Everything else in the debate is BS (perhaps the Oscar for BS could go to these geniuses who claim that taxpayers don't pay for the compensation of public sector workers).
So it doesn't matter if you can find a study saying public employees are over or under paid or have higher or lower benefits. It doesn't matter if you compare apples to apples or apples to hedgehogs. It doesn't matter if the unfunded pension liabilities are mostly structural or cyclical.
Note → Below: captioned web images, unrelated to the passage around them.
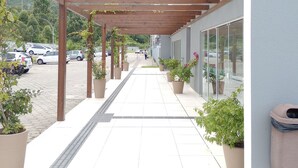 A covered walkway with potted plants, a tiled floor, and a building with large windows. - Apartamento Refugio das Ondas - Piscina (Palhoça)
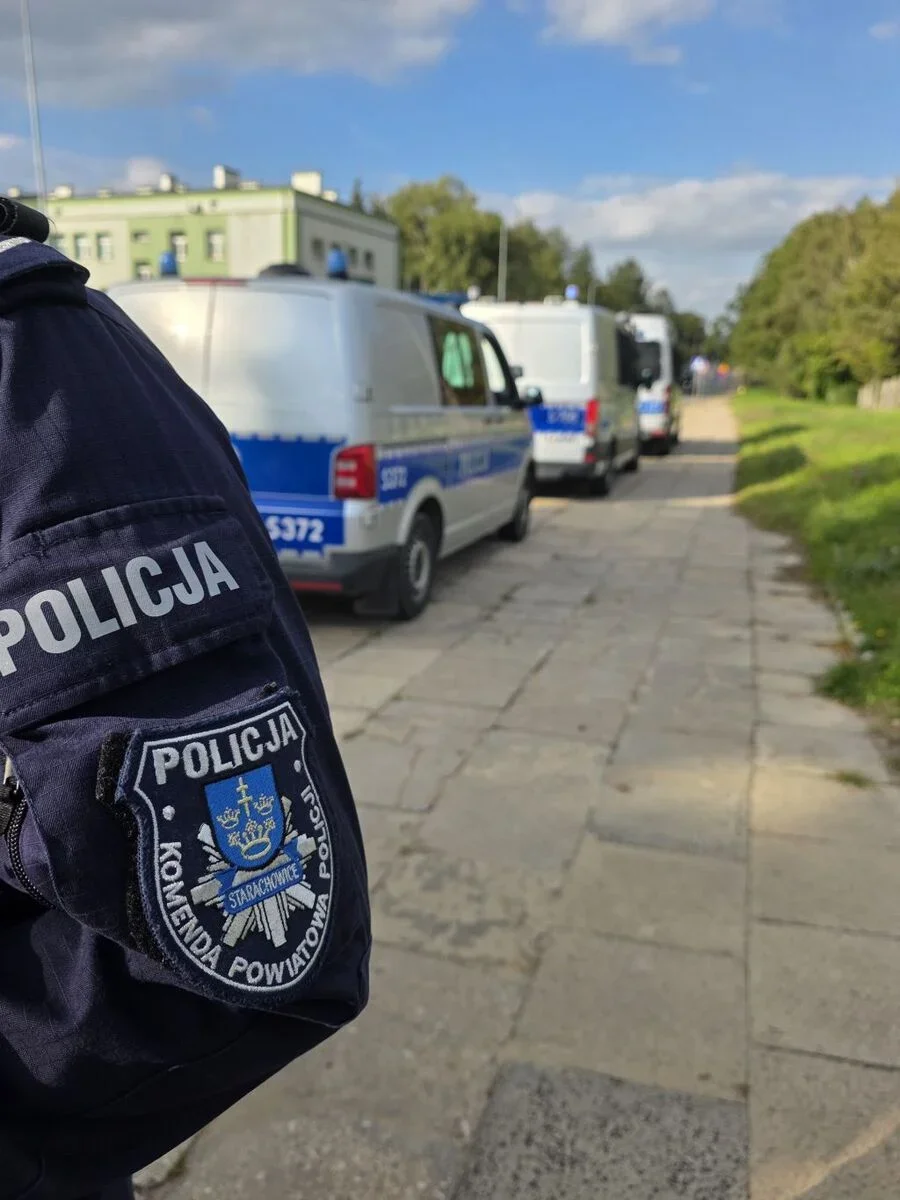 Funkcjonariusz policji z komendy powiatowej w Starachowicach stoi przy zaparkowanych radiowozach na brukowanej drodze w słoneczny dzień.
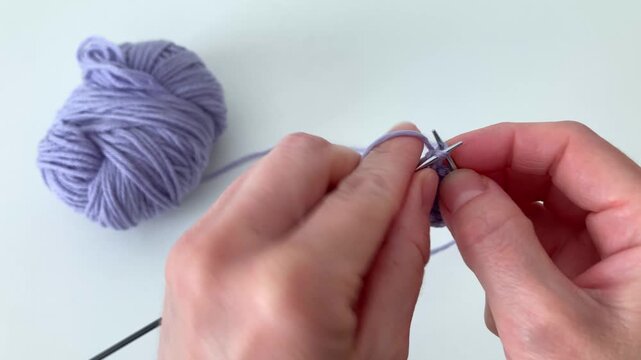 A woman knits with knitting needles, creating a warm woolen thing. An atmosphere of flow and inspiration, when simple tools and human hands turn thread into art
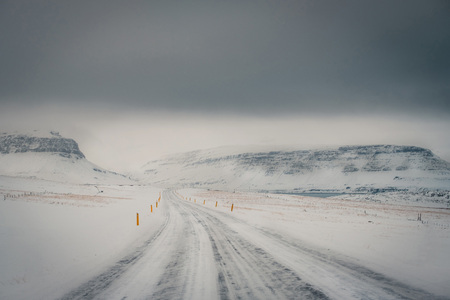 Winter landscape of Iceland's road during snowstorm with the snow-capped mountain as a background and frozen road as a foreground.の写真素材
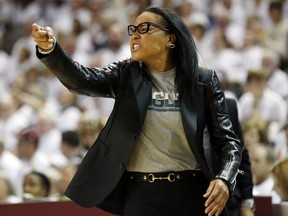 South Carolina head coach Dawn Staley gestures to her players during the first half of an NCAA college basketball game against Mississippi State in Starkville, Miss., Monday, Feb. 5, 2018.
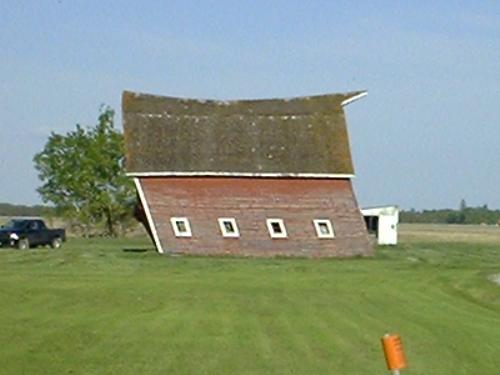 Very old buildings - Between White Fox and Nipawin Saskatchewan there is this old barn. It's still standing after all these years, although I frequently wonder how much longer it can possibly last. We frequently get harsh winds and I think this barn can tell you they are mostly from the south. Everytime I drive by I have to look to see if it has succumbed to the weather yet. I guess it is a tribute to the pioneers and their building skills. They certainly don't make things like they used to.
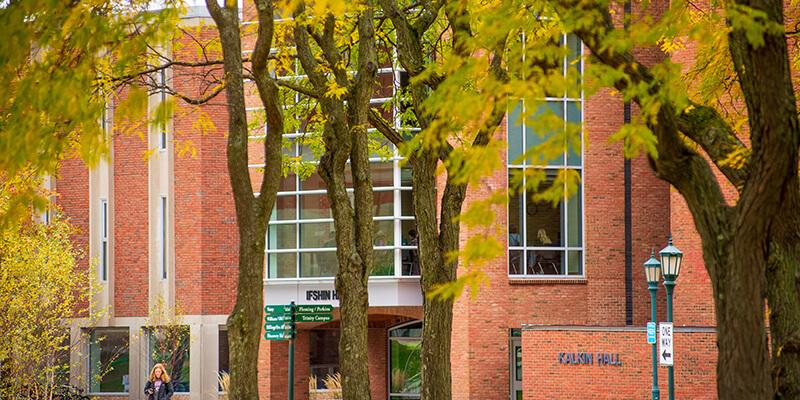 Grossman School of Business seen through the trees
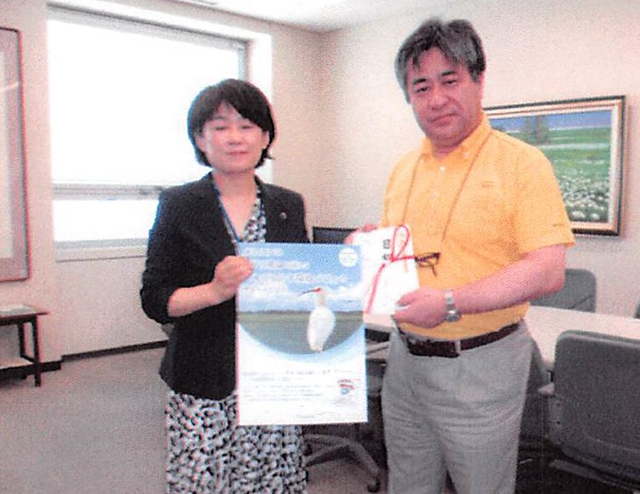 メニコンは稲わら分解促進材の売り上げの一部をトキ保護に寄付している（右から田中英成社長、新潟県の担当者）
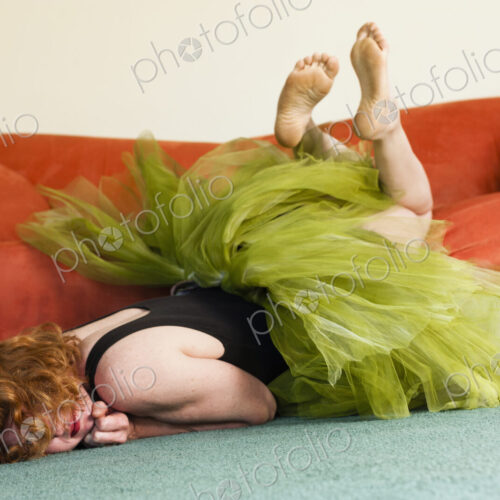 A woman lying on her front on the floor, wearing a lime green tutu, kicking her legs…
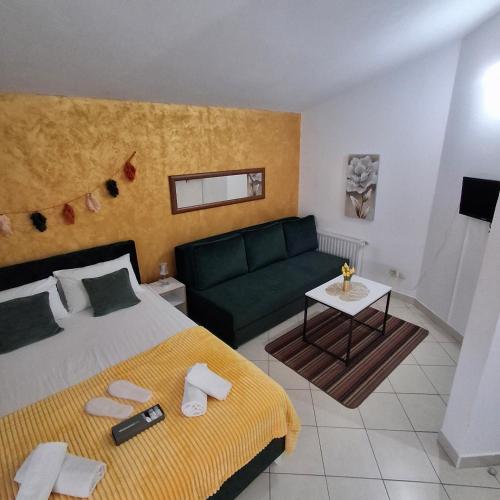 a hotel room with a bed and a couch at Apartmani Villa Anita in Neum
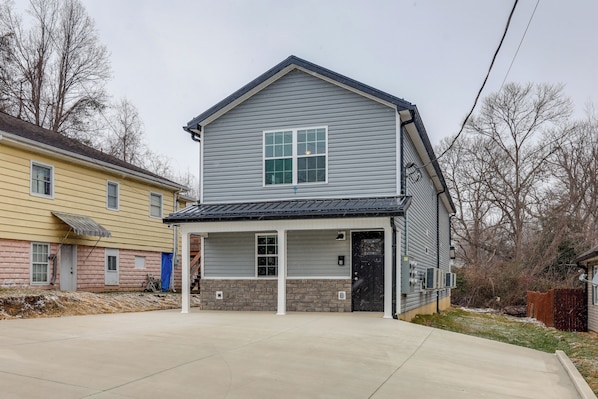 A two-story house with a covered porch and a garage.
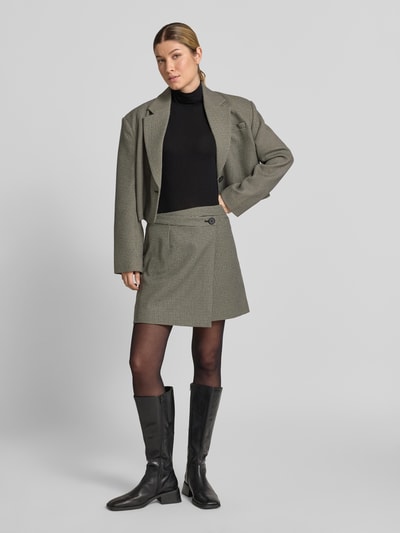 Frauenmodel trägt Longsleeve aus Lyocell-Mix mit Stehkragen von windsor, Schwarz, Slim Fit, kombiniert mit kurzem Rock und Blazer, Ganzkörperansicht von vorne. Rückenlänge bei Größe 36 beträgt 56 cm, Material mit Baumwoll-Anteil.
This is just straight up political payback. I wonder what the public sector union bosses expected would happen if the Republicans ever figured out what was going on and got hold of enough political power to do something about it?
6 comments:
Wow, well said...
Did you tap my phone line?
Let's keep the public sector unions so that no one can claim that they are not receiving fair and equal treatment under the law. And yes, they may be viewed as an arm of the democrat party, but what group doesn't have party loyalties, if not such close economic ties as these? Let us insteat turn to reforms in the system which allow union demands to be accepted when they exceed the value to the work provided. Let us set their contracts to expire shortly after elections, and place their demands, and government's counter offers, on the ballot for a binding referendum. This takes bargaining for the public's (taxpayers') interest out of the hands on the elected officials, no matter who paid theri campaign bills. And if those officials didn't bargain hard enough, or offered sweetheart deals as theri counter offer, well, their names will be on the ballot too. Power to the people ! ALL the people.
It must be the tooth fairy who is depositing money in the state union workers' retirement accounts. And all along, I thought the money was coming from the taxpayers. Silly me.
Notwithstanding the other fulminating in this post, the object of criticism has been the canard that workers are not paying for enough of their health care or somesuch, the point being that of course all labor costs are defrayed by the taxpayers but the money paid for fringes is received by workers no less than money wages, so what is really at stake is simply whether total compensation is or is not cut. In other words, for the slow, it is not a question of workers not paying for something, it is one of paying them less by forcing them to shift some money wages to fringes, while the gov spends less directly on fringes.
I'm glad I could clear this up.
@rotwang: nope it is a power issue.
Btw: is it hard to get a date with that handle?
@Anonymous Of course the level of compensation is a power issue. You might call it class struggle. To frame it as "public employees don't pay enough for their benefits" is just dumb.
Don't use Rotwang to get dates. My dating handle is Long John Silver.